• **WHAT TO WORK ON**
Beginning with the line that holds "Marshall Islands Kwajalein" in the data below, give again every line through the one that holds "10k White Gold", exactly as written.

• **MATERIAL SHOWN**
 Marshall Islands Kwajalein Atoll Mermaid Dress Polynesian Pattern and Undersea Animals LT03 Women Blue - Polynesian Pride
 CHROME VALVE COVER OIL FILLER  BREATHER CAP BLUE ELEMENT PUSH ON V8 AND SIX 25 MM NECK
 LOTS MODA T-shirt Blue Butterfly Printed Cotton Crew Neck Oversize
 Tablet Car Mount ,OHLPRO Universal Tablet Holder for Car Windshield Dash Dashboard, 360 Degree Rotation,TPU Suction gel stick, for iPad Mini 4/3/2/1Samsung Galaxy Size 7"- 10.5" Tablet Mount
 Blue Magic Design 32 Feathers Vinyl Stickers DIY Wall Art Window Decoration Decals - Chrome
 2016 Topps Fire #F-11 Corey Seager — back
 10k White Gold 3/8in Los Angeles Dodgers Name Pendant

* * *

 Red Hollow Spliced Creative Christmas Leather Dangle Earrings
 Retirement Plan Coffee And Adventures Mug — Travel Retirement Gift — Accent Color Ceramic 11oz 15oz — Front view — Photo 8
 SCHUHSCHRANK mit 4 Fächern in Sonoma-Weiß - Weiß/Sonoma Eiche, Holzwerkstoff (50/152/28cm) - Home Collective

...

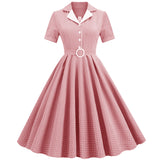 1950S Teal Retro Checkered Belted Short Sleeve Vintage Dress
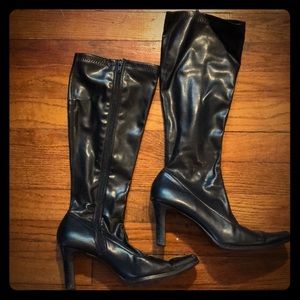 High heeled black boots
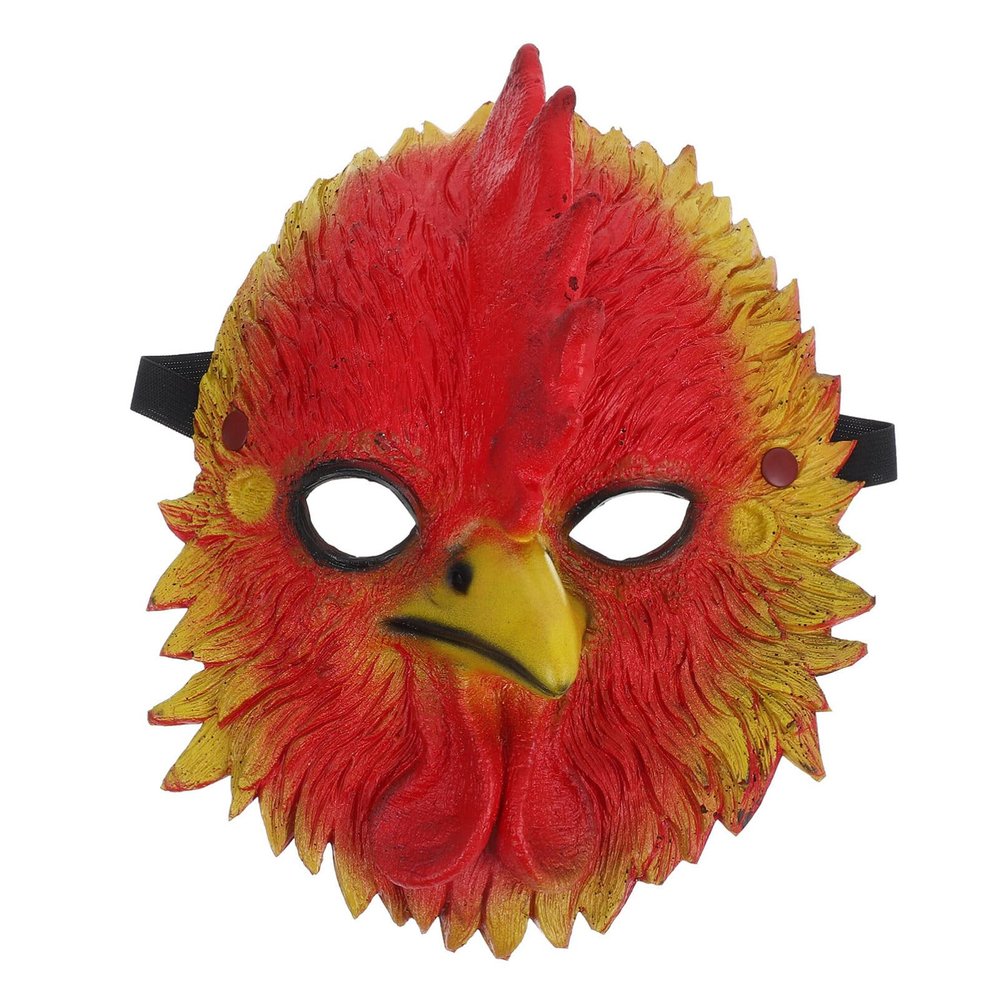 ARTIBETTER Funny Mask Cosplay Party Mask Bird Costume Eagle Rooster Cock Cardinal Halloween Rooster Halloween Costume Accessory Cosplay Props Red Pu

• **FINAL ANSWER**
 Marshall Islands Kwajalein Atoll Mermaid Dress Polynesian Pattern and Undersea Animals LT03 Women Blue - Polynesian Pride
 CHROME VALVE COVER OIL FILLER  BREATHER CAP BLUE ELEMENT PUSH ON V8 AND SIX 25 MM NECK
 LOTS MODA T-shirt Blue Butterfly Printed Cotton Crew Neck Oversize
 Tablet Car Mount ,OHLPRO Universal Tablet Holder for Car Windshield Dash Dashboard, 360 Degree Rotation,TPU Suction gel stick, for iPad Mini 4/3/2/1Samsung Galaxy Size 7"- 10.5" Tablet Mount
 Blue Magic Design 32 Feathers Vinyl Stickers DIY Wall Art Window Decoration Decals - Chrome
 2016 Topps Fire #F-11 Corey Seager — back
 10k White Gold 3/8in Los Angeles Dodgers Name Pendant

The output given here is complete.